For the last several months, though, there has been a disturbing turn with respect to earned PR pitches, according to Karla Jo Helms, JoTo’s chief evangelist and anti-PR strategist.
“I’ve noticed that more publications are coming back and saying, ‘We’re not doing earned media any more. You can pay us $350, and we’ll do a mention — more and we’ll do an article,'” she told the E-Commerce Times.
That happens at only a small percentage of the publications JoTo deals with, Helms said. “It started to get on my radar when I started talking to my delivery team and found medical and health care publications doing it.”
“How can they be doing their due diligence on these health care products and services?” she asked. “It would seem that they would be beholden to the person that paid them.”
Clear Definition
As media outlets mine new ways to make money, the distinction between ads and editorial content can be a casualty. The rise of the “advertorial,” or “native advertising,” is an example of that. It is the practice of packaging advertising in a format that looks like editorial content, creating the illusion of earned public relations.
Advertorials succeed in misleading people, in part, by tamping down their skepticism and expectations for truth in advertising, according to a Dartmouth College-Stanford University study of health advertorial published in 2016.
An advertorial is supposed to be clearly identified. If it isn’t, an advertiser is courting trouble, according to a media kit for pitch outfits prepared by The Seattle Times.
“Studies have shown that an advertorial can often generate better response [than] a direct promotion, but to avoid any confusion and potential customer backlash, advertisers must take extra care to clearly define the space as commercial, not editorial,” the paper notes.
“In today’s skeptical society, anything less than total transparency can be fatal to a company’s reputation,” it continues.
“Any time you do something and you don’t disclose it, you know it’s probably not OK,” JoTo’s Helms added.
Tricking the Audience
Making paid advertising look like earned public relations can be an effective tool if used correctly, noted Elizabeth Lampert, president of Elizabeth Lampert PR in Los Angeles.
“One could argue it’s sort of like product placement where people pay for their product to be highlighted in movies and other venues,” she told the E-Commerce Times.
“If you are providing content and you are using native advertising or advertorials, the line is blurred if and when you are being deceptive or providing false information,” Lampert said.
“There is definitely a market for this, and in our content-driven world it has to be considered in any type of PR campaign. Today, there’s no solid line where paid media ends and earned media takes over. You’ll find people using a blend of the two,” she observed.

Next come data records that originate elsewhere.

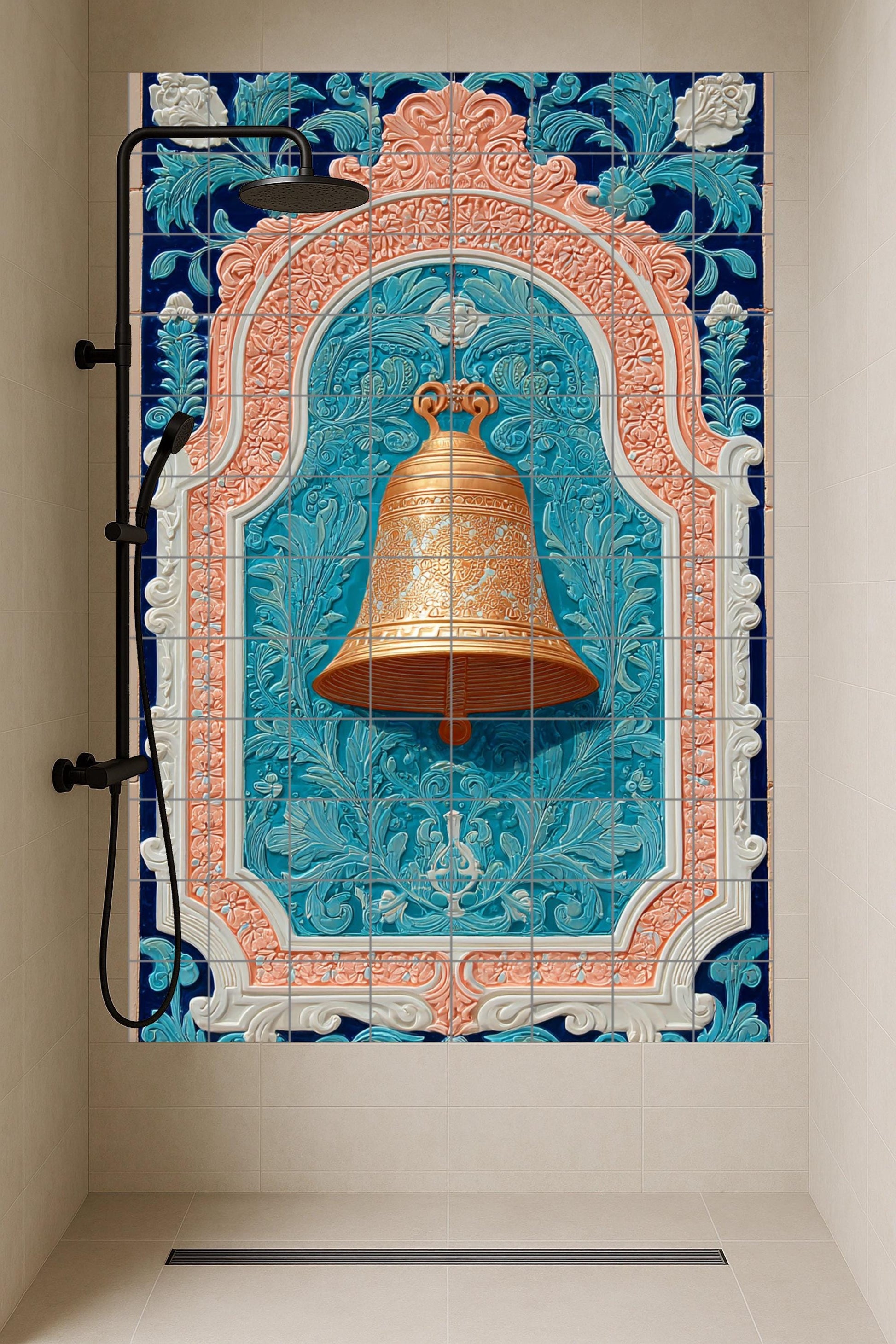 Campana Golden in Bogen Ornamental — Fliesen-Wandbild aus Keramik · Natur-Wandkunst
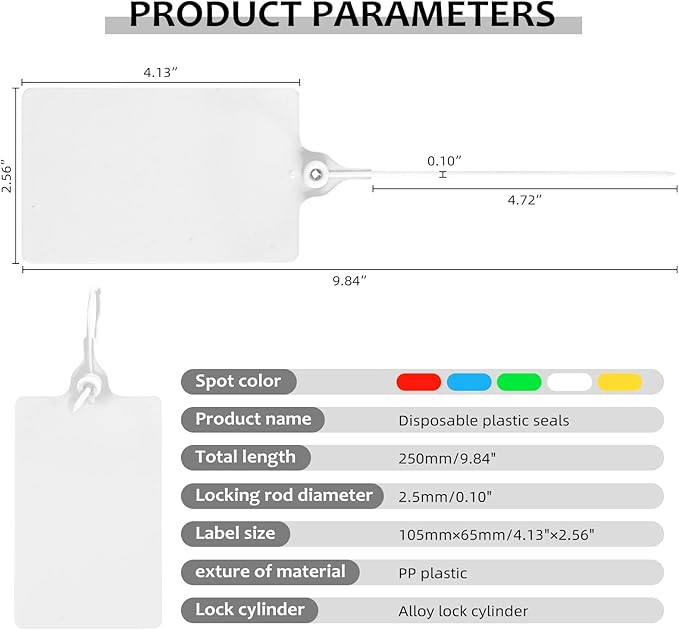 100 Plastic Waterproof Shipping Tags with One Marker Pen (White)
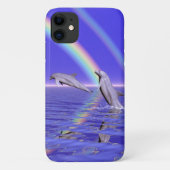Coques Case-Mate iPhone Dauphins et arc-en-ciel (Dos)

“The tricky part about this for a PR company is it runs a fine line if there is any suggestion of deception,” Lampert added. “You don’t want to get a reputation for creating content that has every intention of tricking the audience into thinking an ad is actually editorial content.”

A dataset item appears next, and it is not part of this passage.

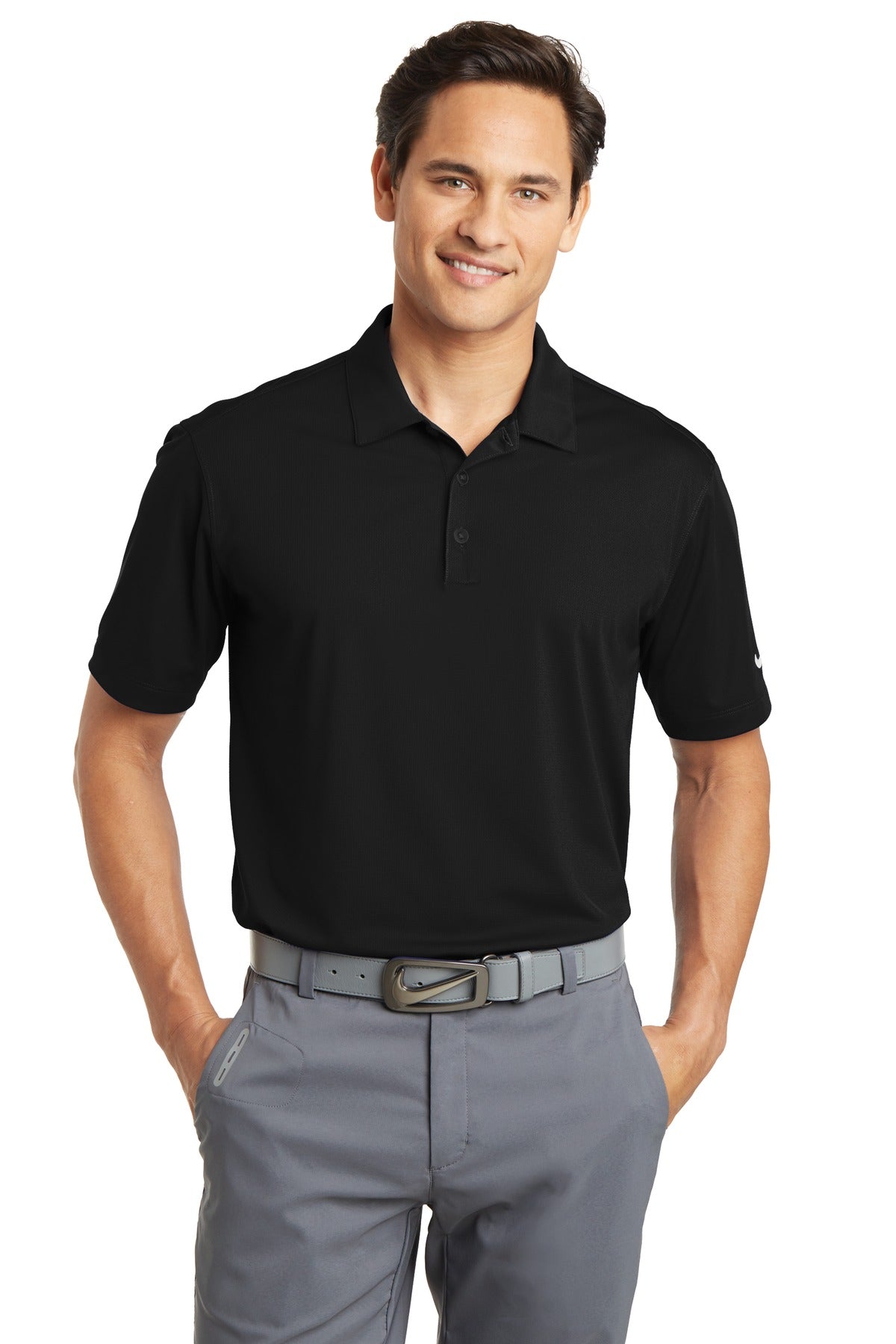 Nike Dri-FIT Vertical Mesh Polo. 637167 - Black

There is no wiggle room when it comes to paying for product placement in news and feature stories, maintained Dan Kennedy, an associate professor in the School of Journalism at Northeastern University in Boston.

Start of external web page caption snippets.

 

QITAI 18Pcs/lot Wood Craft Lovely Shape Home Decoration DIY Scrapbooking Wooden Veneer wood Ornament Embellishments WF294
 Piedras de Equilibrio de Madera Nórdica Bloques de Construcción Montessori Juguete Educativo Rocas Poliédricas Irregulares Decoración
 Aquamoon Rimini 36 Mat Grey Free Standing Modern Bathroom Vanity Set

“Pay to play is completely unacceptable, but it’s also understandable, since writers have to pay the rent just like anyone else,” said Kennedy, author of The Return of the Moguls: How Jeff Bezos and John Henry Are Remaking Newspapers for the Twenty-First Century.
“Media organizations that pay their contributors little or nothing are reaping what they’ve sown,” he told the E-Commerce Times, “and they have little credibility when they express outrage about the practice.”